▶ [Exercise requirements]
Below, some lines carry pictures; leave those pictures out and retype exactly the lines from the one with "Renovări case și" through the one with "Nwt ALDO Strawberry".

▶ [Source material]
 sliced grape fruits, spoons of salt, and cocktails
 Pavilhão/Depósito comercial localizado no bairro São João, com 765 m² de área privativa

* * *

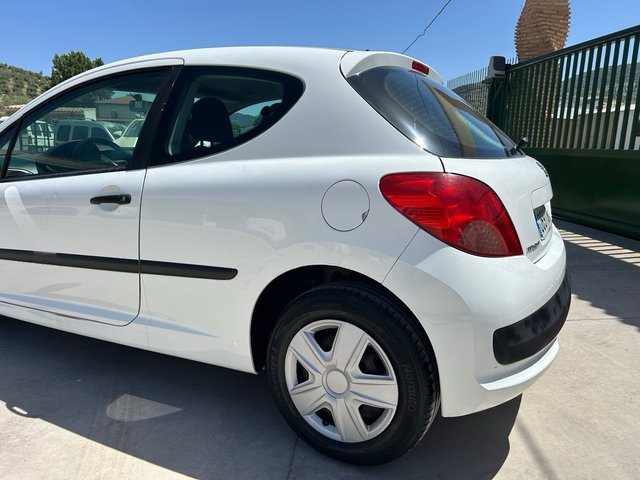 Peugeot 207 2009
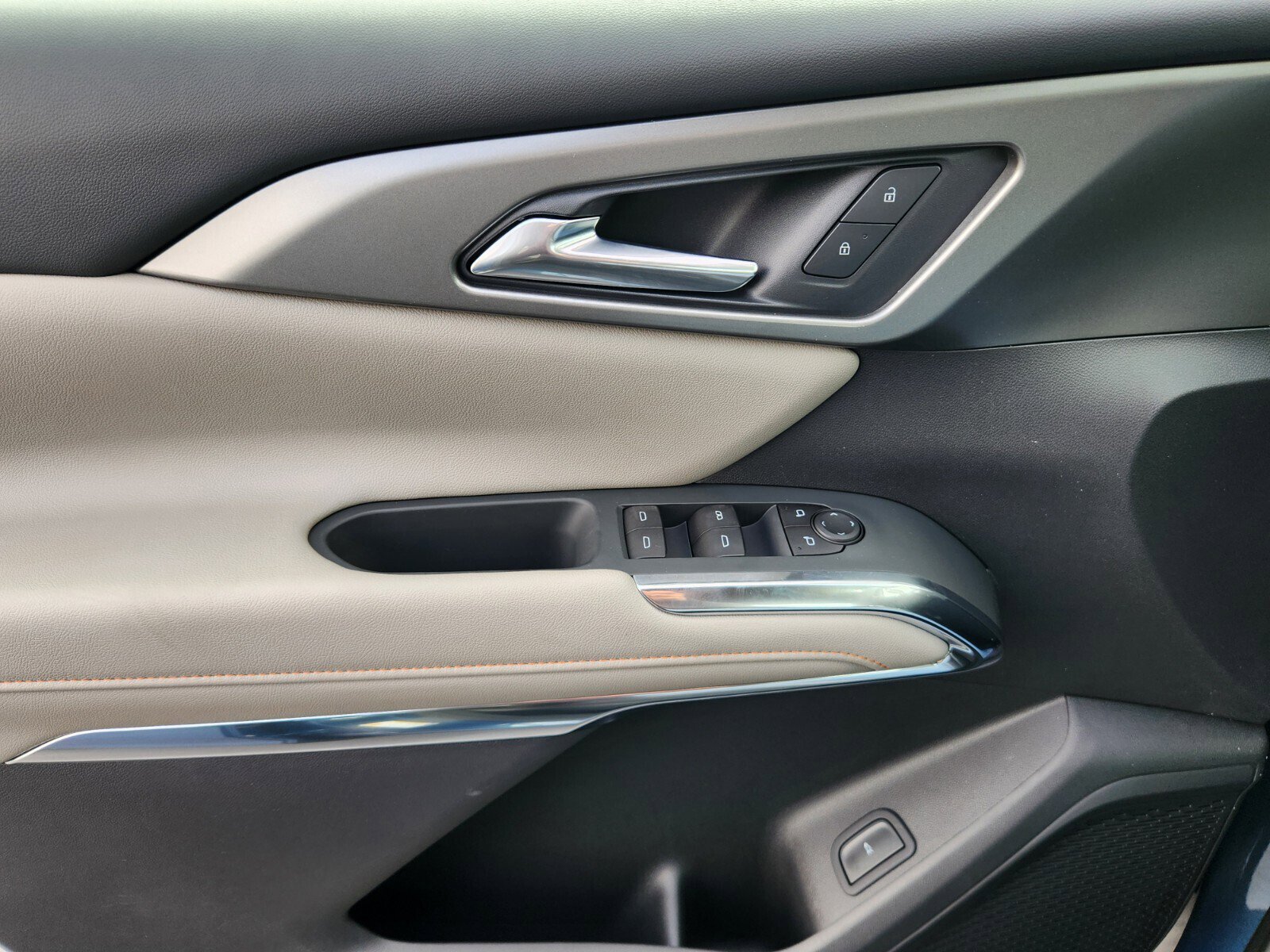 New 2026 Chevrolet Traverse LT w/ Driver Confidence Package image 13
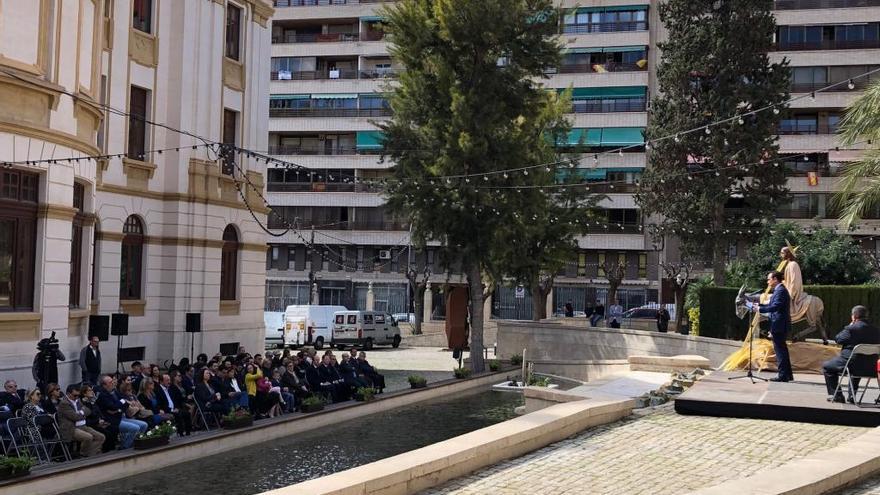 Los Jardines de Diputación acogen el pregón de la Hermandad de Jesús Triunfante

...

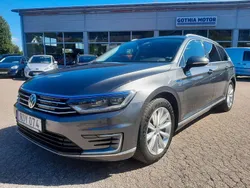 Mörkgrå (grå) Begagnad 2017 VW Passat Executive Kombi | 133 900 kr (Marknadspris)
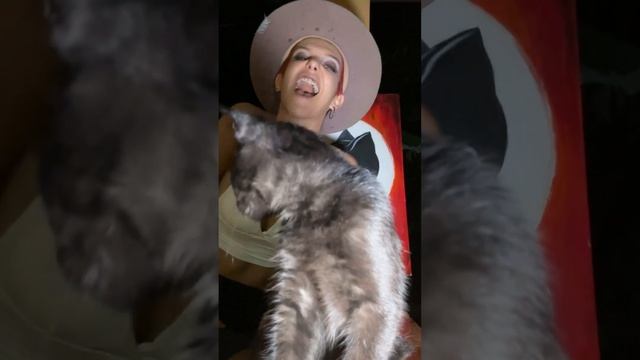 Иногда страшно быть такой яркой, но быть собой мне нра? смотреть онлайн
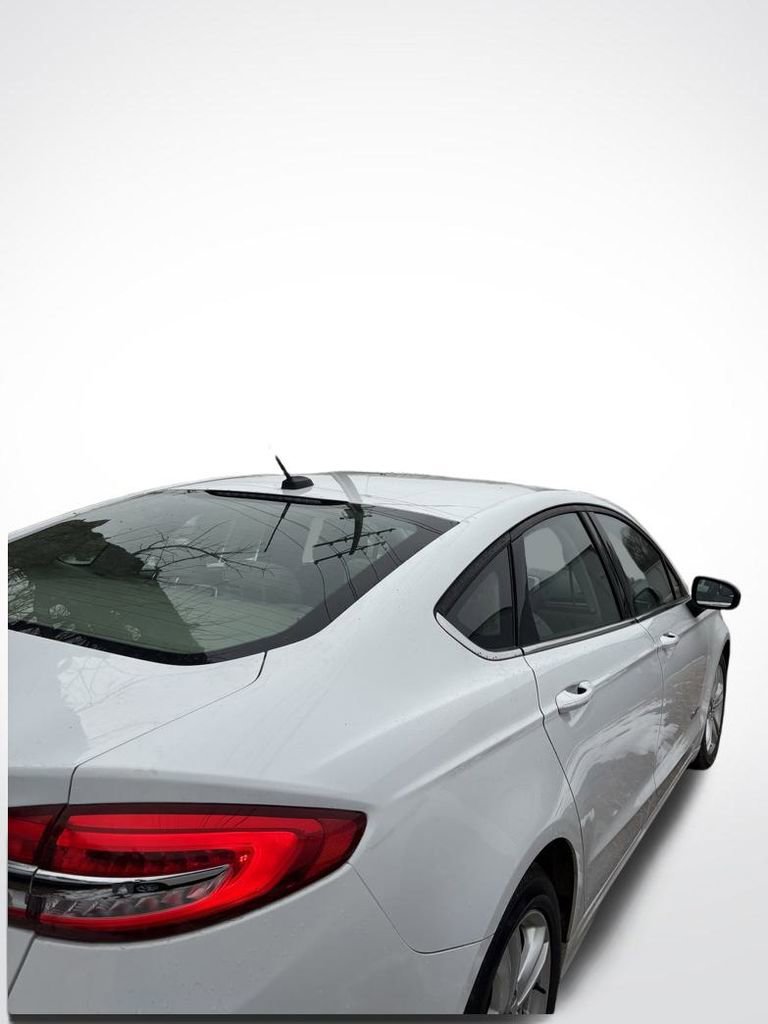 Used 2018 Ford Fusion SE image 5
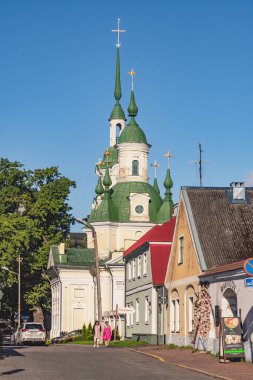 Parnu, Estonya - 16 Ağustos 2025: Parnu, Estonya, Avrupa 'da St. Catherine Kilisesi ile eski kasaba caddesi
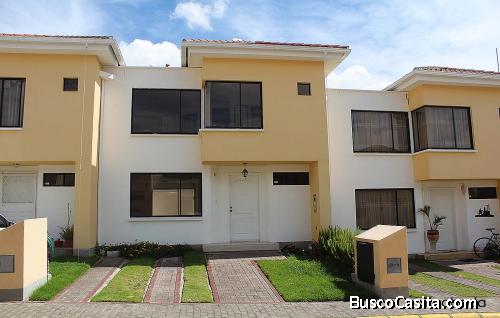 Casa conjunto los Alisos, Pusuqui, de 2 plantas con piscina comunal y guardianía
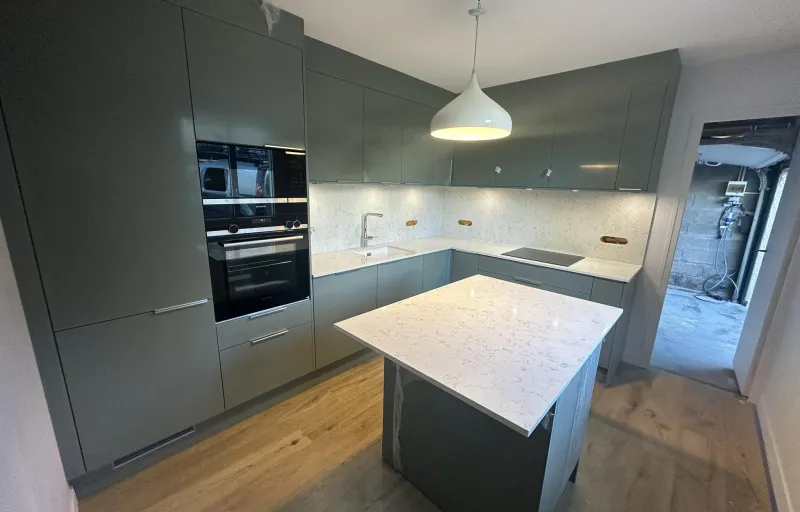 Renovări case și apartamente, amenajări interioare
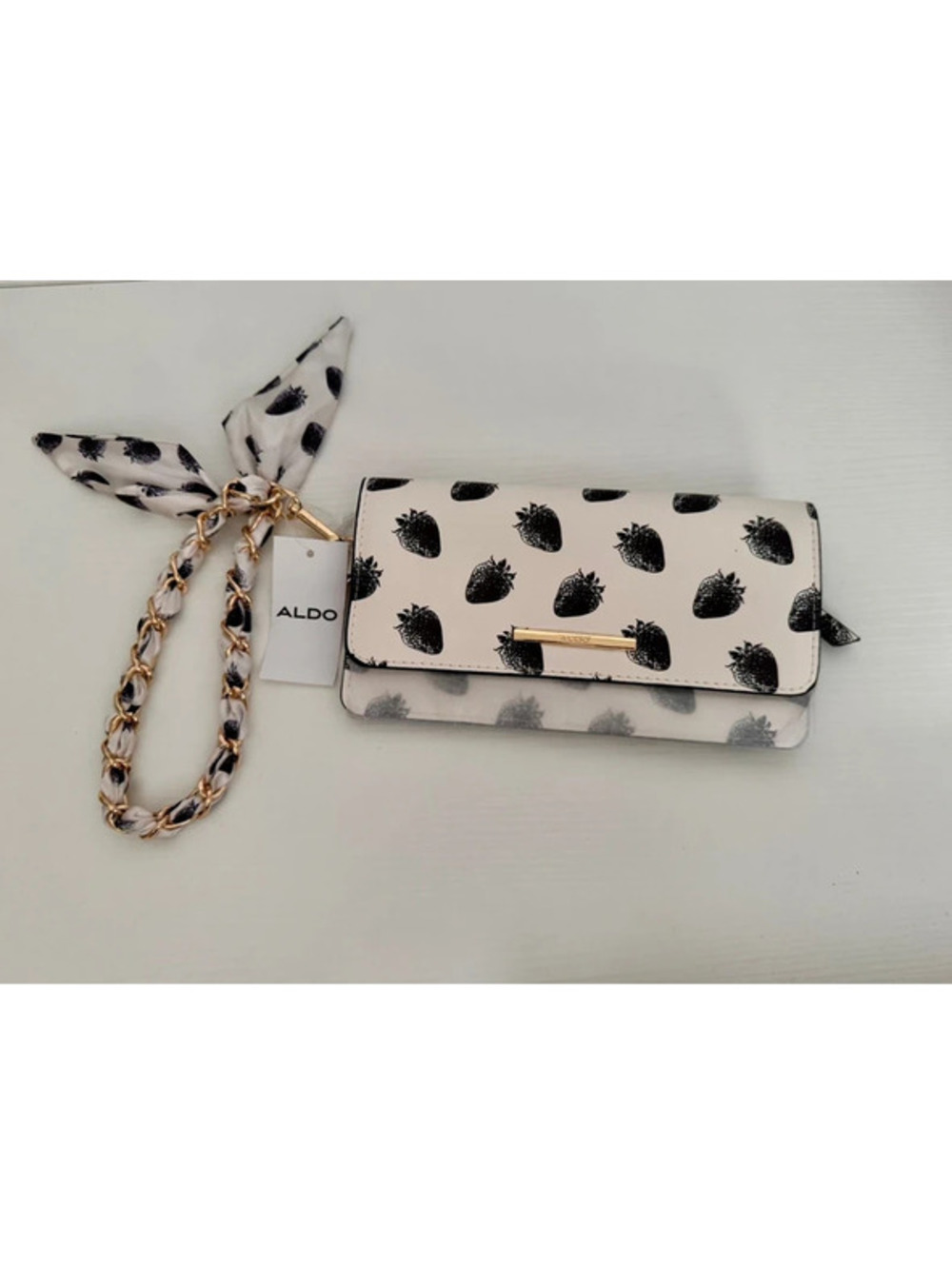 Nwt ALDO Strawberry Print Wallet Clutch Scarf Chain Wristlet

▶ [Answer to this task]
 Renovări case și apartamente, amenajări interioare
 Nwt ALDO Strawberry Print Wallet Clutch Scarf Chain Wristlet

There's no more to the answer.